¿Dónde están los hombres buenos?
Yo fui violada a los catorce años. No es algo que haya querido recordar. Es una memoria desagradable y molestosa. Él tenía 21 años. Era un conocido. Un amigo, pensaba yo. Pero, ¿qué hombre de 21 años es amigo de una niña de 14? Nunca conté a nadie sobre lo que sucedió en esos años, ni a mis padres ni a mis otros amigos. No sabía cómo interpretarlo ni explicarlo. No fue nada como de película o de un episodio de la Ley y el Orden. No utilizó armas más allá de su fuerza y cuerpo, y no fue violento en el sentido tradicional. No di mi consentimiento, pero tampoco resistí. Yo era gorda y muy insegura de mi cuerpo, y no había tenido otras experiencias con hombres. Pensaba tal vez que era así, tenía que ser así, como él quería y cuando él quería.
Luego no lo vi más. Me enteré años después de que se había muerto de una sobredosis de heroína. No sentí tristeza, sino que sentí rabia por no haberlo podido denunciar a tiempo. El 99 % de los violadores y abusadores sexuales nunca pagan por sus crímenes. Solamente en Estados Unidos, cada 98 segundos, alguien es víctima de la violencia sexual. Yo personalmente no conozco ni una sola mujer que no haya sido víctima de la violencia sexual. Mi madre fue abusada por su padrastro. Una de mis mejores amigas fue violada tres veces cuando era adolescente; la primera vez a los 14, como yo.

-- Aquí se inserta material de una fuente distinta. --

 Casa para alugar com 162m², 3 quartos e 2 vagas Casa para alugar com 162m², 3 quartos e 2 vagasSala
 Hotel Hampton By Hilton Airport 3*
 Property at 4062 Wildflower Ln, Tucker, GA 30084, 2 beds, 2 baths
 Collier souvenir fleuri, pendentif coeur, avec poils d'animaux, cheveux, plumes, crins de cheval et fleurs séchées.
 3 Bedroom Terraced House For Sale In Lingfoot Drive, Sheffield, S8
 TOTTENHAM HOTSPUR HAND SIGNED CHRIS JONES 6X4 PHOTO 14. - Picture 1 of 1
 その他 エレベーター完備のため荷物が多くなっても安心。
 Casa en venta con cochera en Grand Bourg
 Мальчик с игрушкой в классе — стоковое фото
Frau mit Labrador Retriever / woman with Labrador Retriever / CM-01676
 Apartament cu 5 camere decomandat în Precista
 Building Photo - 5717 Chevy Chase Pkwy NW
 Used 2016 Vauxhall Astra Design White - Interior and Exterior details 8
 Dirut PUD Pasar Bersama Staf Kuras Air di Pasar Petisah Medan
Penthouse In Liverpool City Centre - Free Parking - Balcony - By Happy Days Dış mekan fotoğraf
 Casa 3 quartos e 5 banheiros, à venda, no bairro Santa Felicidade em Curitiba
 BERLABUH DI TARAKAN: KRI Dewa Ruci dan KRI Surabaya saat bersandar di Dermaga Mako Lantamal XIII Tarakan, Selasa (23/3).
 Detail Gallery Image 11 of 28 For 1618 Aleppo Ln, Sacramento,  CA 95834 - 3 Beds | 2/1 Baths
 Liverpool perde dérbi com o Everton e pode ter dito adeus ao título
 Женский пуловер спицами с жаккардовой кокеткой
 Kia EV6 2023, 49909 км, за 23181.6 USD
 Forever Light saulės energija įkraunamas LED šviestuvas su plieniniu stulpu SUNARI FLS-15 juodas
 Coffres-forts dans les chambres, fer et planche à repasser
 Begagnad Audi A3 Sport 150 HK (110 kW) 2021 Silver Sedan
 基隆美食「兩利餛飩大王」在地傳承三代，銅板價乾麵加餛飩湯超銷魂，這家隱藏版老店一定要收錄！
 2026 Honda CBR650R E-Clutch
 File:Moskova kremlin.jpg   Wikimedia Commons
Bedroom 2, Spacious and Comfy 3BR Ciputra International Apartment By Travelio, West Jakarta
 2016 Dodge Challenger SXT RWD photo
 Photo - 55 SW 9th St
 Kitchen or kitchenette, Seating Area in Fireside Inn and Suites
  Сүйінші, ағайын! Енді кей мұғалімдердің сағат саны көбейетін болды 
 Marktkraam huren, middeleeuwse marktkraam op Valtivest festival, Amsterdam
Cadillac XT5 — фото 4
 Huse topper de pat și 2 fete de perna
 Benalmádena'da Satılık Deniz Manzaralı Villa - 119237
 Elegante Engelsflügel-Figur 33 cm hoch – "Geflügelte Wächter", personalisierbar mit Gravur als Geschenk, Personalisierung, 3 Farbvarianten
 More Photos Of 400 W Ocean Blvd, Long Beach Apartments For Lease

Diariamente muchas mujeres son víctimas del acoso sexual en sus lugares de trabajo. Sufrimos de la discriminación por género. Ganamos menos del 70 % de lo que ganan los hombres, a pesar de nuestras niveles de experiencia, educación y capacitación. En las calles somos perseguidas, gritadas, acosadas y asaltadas. Recuerdo una vez cuando vivía en Mérida, Venezuela, hace como veintipico años, e iba caminando a mi casa de noche. Un hombre joven venía hacia mí con su mano estrechada, como para golpearme. Intenté correr pero me agarró y metió su mano entre mis piernas. Yo le pegué y grité, y él siguió caminando. Solo me quería agarrar por la fuerza, y mostrarme que no era soberana.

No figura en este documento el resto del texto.